Dopo una prima giovinezza disagiata, Paolo Érmoli vede prospettarsi la realizzazione del sogno di diventare ricco sposando Fulvia, «la ricchissima vedova del conte Ateni, l'amante appassionata di Diego Rebeschi, il suo povero cugino», del cui delitto il Nostro si è reso responsabile, vincendo ogni scrupolo morale.
Se però, sul piano pratico riesce a fugare ogni dubbio circa la sua colpevolezza, sul piano psicologico è uno sconfitto, poiché il rimorso lo fa precipitare nello scontento e lo costringe a un'esistenza inautentica.
Penetrando nei “sotterranei” di un’anima, ciò che l'Autore vuole evidenziare è il passaggio dalla soddisfazione all’infelicità che, a sua volta, si traduce in una tragica crisi individuale e in un’elevata tensione spirituale prossima alla concezione dell’uomo “automa” o inetto che cerca di mascherare il proprio vuoto d’umanità.
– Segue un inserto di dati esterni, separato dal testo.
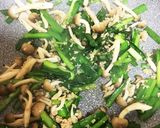 作りおき鶏そぼろでニラ玉作り方1写真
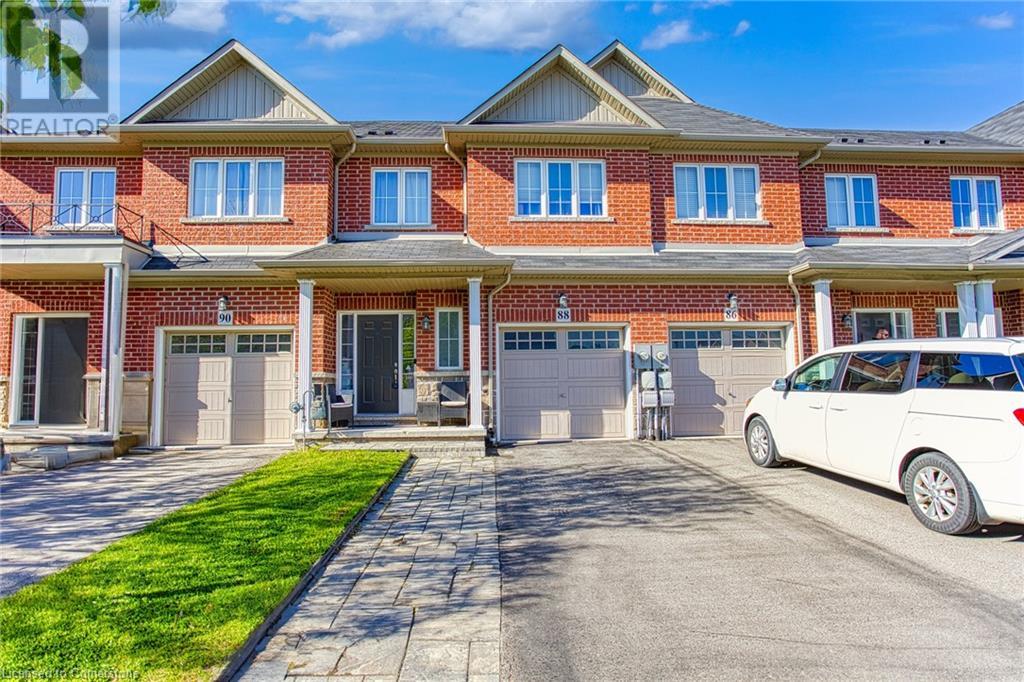 88 Palacebeach Trail, Stoney Creek, Ontario  L8E 0B8 - Photo 1 - 40733148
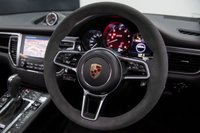 USED 2017 17 PORSCHE MACAN 3.0 GTS PDK 5d 355 BHP 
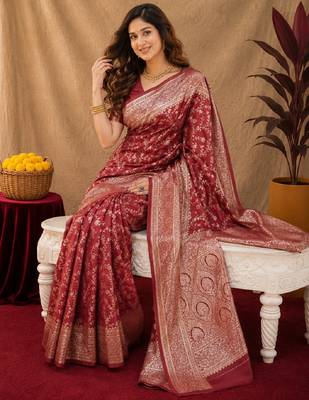 Red art silk blend banarasi jacuard work saree with unstitched blouse piece 4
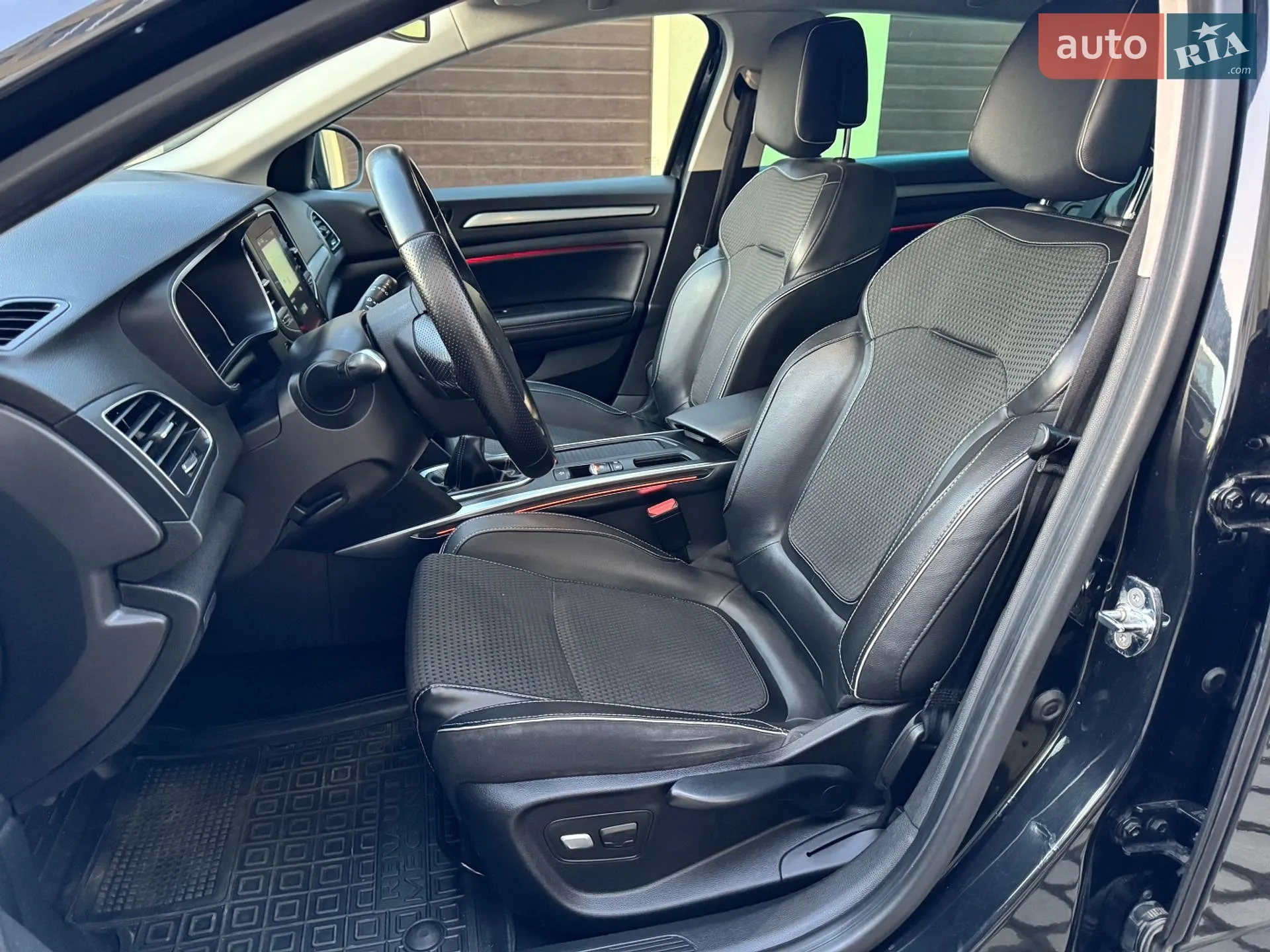 2016 Renault Megane - мініатюра 39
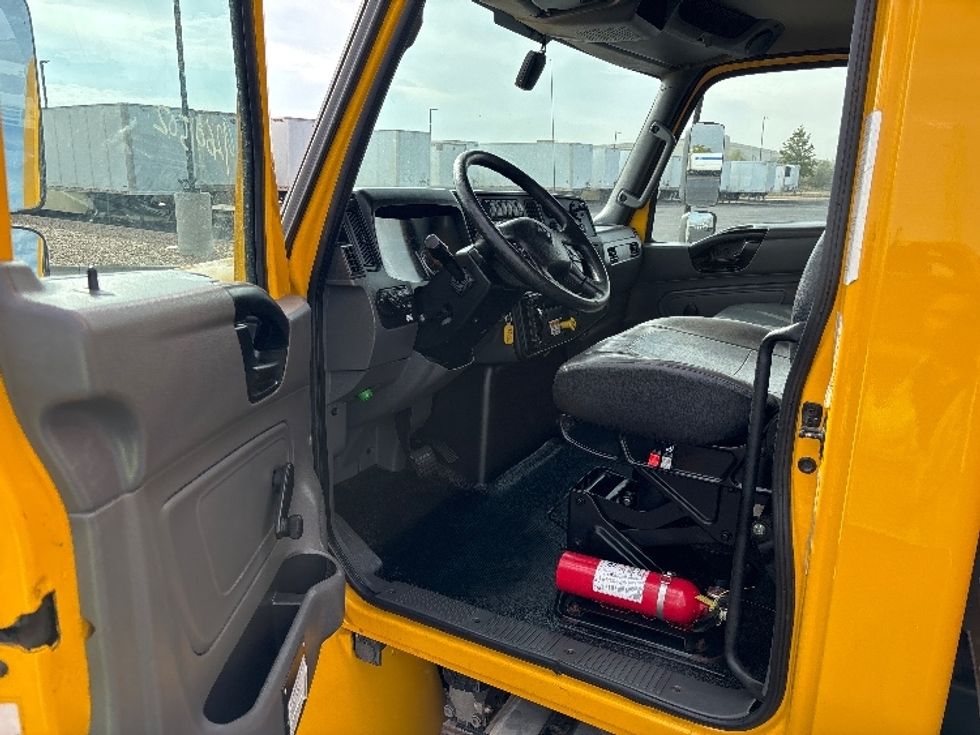 Medium Duty Box Truck-Light and Medium Duty Trucks-International-2021-MV607-Denver-CO-230,990\n\t\tmiles-$ 39,750 - Image 16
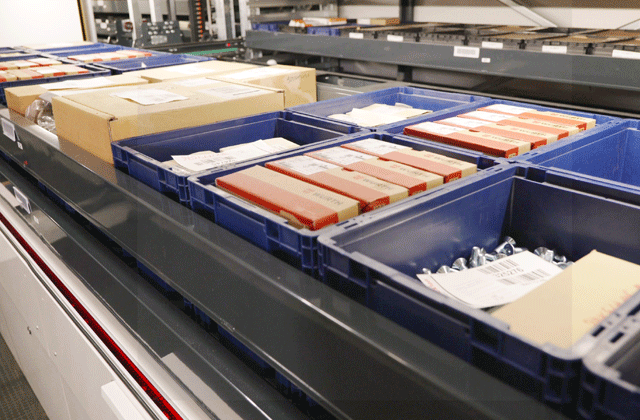 Vertikalni lift modul za poluautomatizovano skladištenje malih delova.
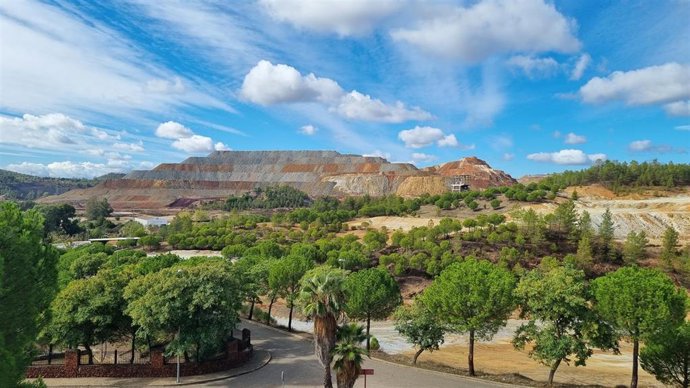 Vista de las escombreras de la mina de Riotinto desde Nerva.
Come lo Sperelli dannunziano, l’Érmoli è un giovane in attesa della donna amata, ma non applica il principio dell’habere non haberi. Oscilla piuttosto tra le evocazioni del passato e una previsione immaginosa del futuro, resa vivida da effusioni romantiche e da raffinati vagheggiamenti sensuali. In mezzo c’è il presente, un tempo non del tutto soppresso, ma che ricorda all’homo felis (uomo animale) di Butti la difficoltà d’integrazione, se non addirittura il conflitto, tra lui – plebeo arricchito – e la società aristocratica mondana.